Overall, I found this an interesting and informative read. I have been thinking alot about this book since I finished and I think that the courage that Raoul Wallenberg demonstrated was inspirational and I am sure that this book will alert readers to appreciate and respect him for his actions.

Well done, Ms Carlberg, for this erudite biography and which I hope many people will read.



ISBN:  978 0857053282

Publisher: Maclehose Press

About the Author:

Ingrid Carlberg is a Swedish author and journalist. Her book about the life and fate of Raoul Wallenberg was awarded the prestigious August Prize for non-fiction, and also the Swedish Academy's Axel Hirsch Prize for a "biography of considerable artistic and cultural merit". Carlberg worked at the Swedish daily newspaper Dagens Nyheter from 1990 to 2010, as an investigative and features journalist.

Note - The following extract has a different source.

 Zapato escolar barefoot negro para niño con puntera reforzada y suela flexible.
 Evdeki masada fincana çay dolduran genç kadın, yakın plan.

She has an honorary doctorate from Uppsala University, awarded for her book The Pill: A Tale of Doctors and Depression, Freud and Researchers, People and Markets about the history of antidepressants. The Pill won four awards, including the Guldspaden for the best work of investigative journalism, and was nominated for the August Prize.

She has translated works from Swedish by John Ajvide Lindqvist, Kjell Westo and Henning  Mankell. She is Director of Communications in Arts & Sciences at Washington University in St Louis.